Partei-Politik

„Triumphgesänge sind mir fremd“: Merz ist neuer CDU-Chef

| Lesedauer: 6 Minuten
Merz klarer Sieger bei CDU-Mitgliederentscheid über Parteivorsitz

Merz klarer Sieger bei CDU-Mitgliederentscheid über Parteivorsitz

Der Bundestagsabgeordnete Friedrich Merz hat den Mitgliederentscheid der CDU über den Parteivorsitz klar gewonnen: Er erhielt 62,1 Prozent der Stimmen.
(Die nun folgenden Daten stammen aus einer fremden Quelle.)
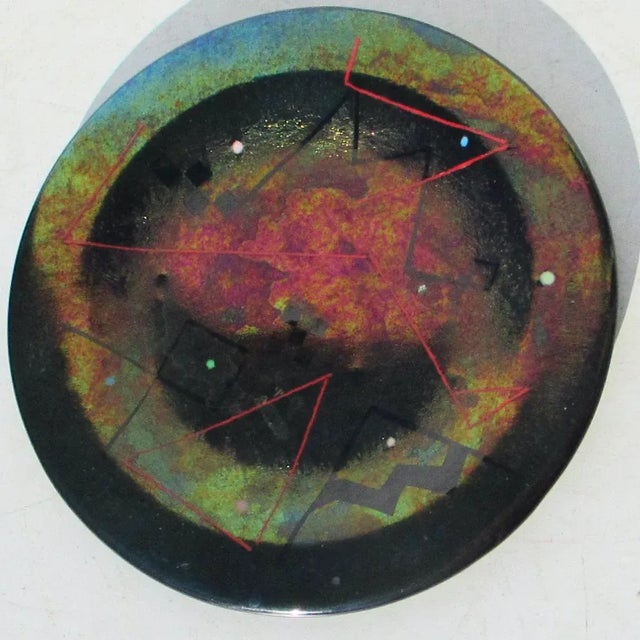 Beautifully designed dichroic art glass. Creative graphics of lines and grids intersecting on the center of the tray. Deep...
Norbert Röttgen erhielt 25,8 Prozent, Konkurrent Helge Braun kam auf 12,1 Prozent.

Beschreibung anzeigen

Berlin.  Mit großer Mehrheit hat die CDU-Basis sich für Friedrich Merz als Parteichef entschieden. Am Freitag erklärte er, was er jetzt vorhat.

Drei Anläufe hat er gebraucht. Jetzt ist Friedrich Merz am Ziel. Er wird neuer Vorsitzender der CDU. Er habe „im Stillen kurz ‚Wow‘“ gesagt, als sein Sieg festgestanden habe, gesteht Merz am Freitag, nachdem CDU-Generalsekretär Paul Ziemiak das Abstimmungsergebnis des Mitgliederentscheids im Konrad-Adenauer-Haus bekannt gegeben hat. „Triumphgesänge“ seien ihm aber fremd, betont Merz süffisant.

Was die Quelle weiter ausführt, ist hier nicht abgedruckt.